** PROBLEM DETAILS **
Beginning with the line that contains "2018 Cadillac XTS", restate each line below through the final one exactly, and exclude the pictures.

** SOURCE MATERIAL **

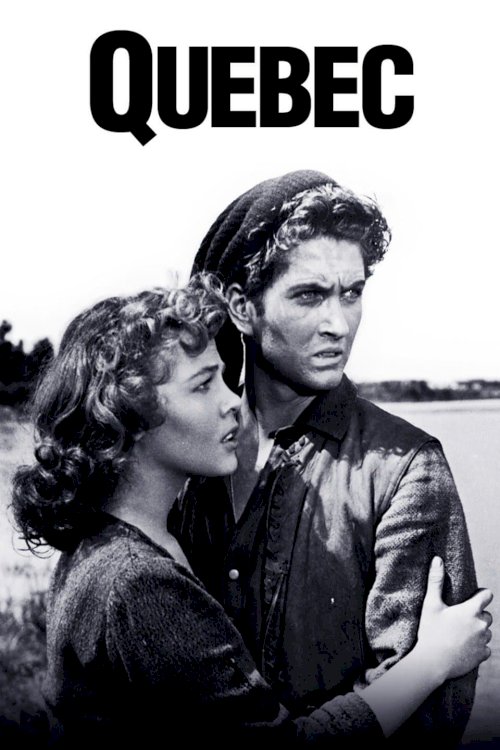 Quebec - Movie Poster Quebec - Movie Poster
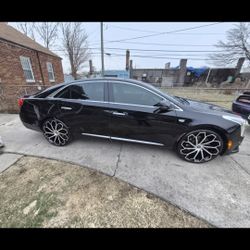 2018 Cadillac XTS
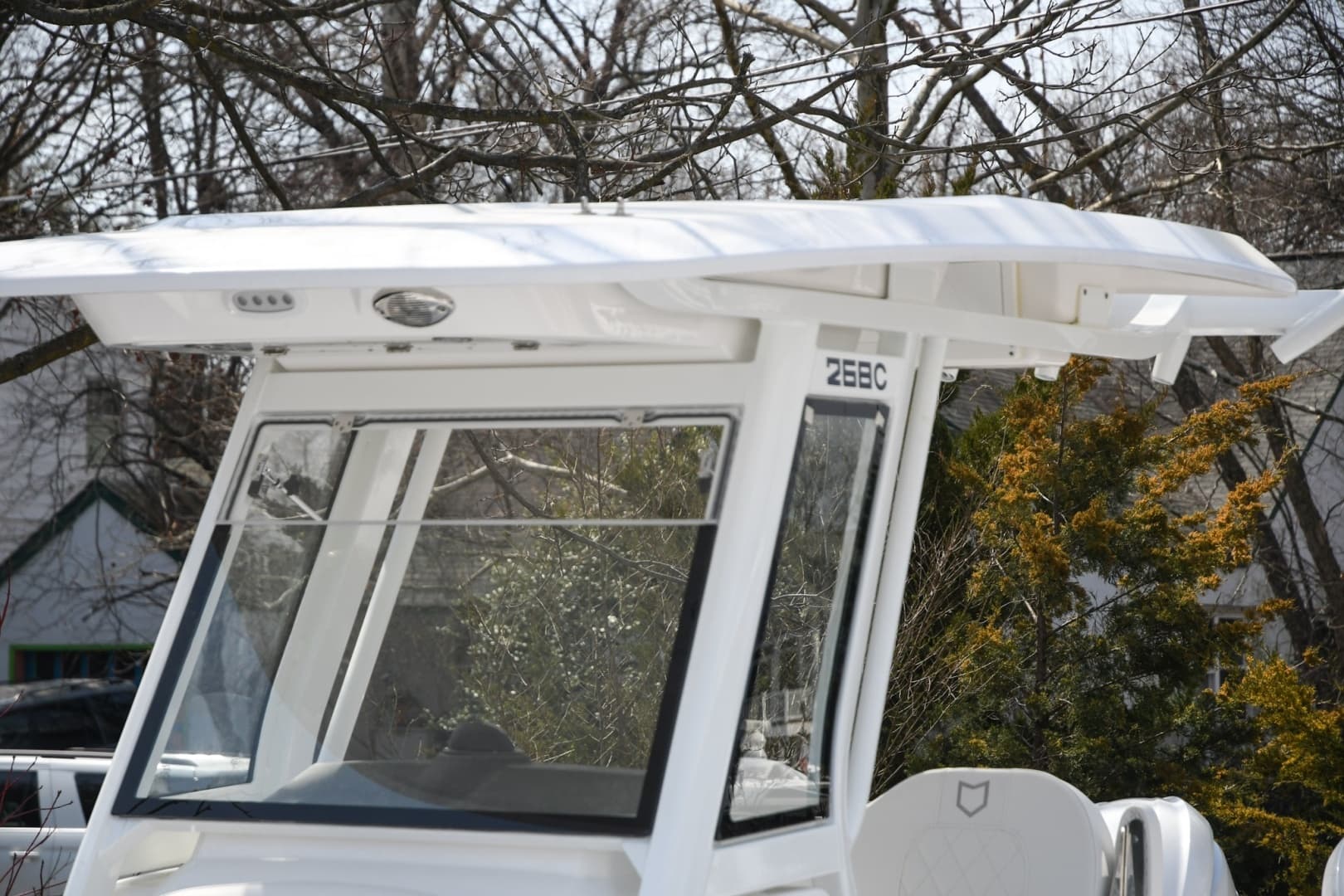 2026 Sea Fox 268 Commander - Image 7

** TASK RESULT **
 2018 Cadillac XTS
 2026 Sea Fox 268 Commander - Image 7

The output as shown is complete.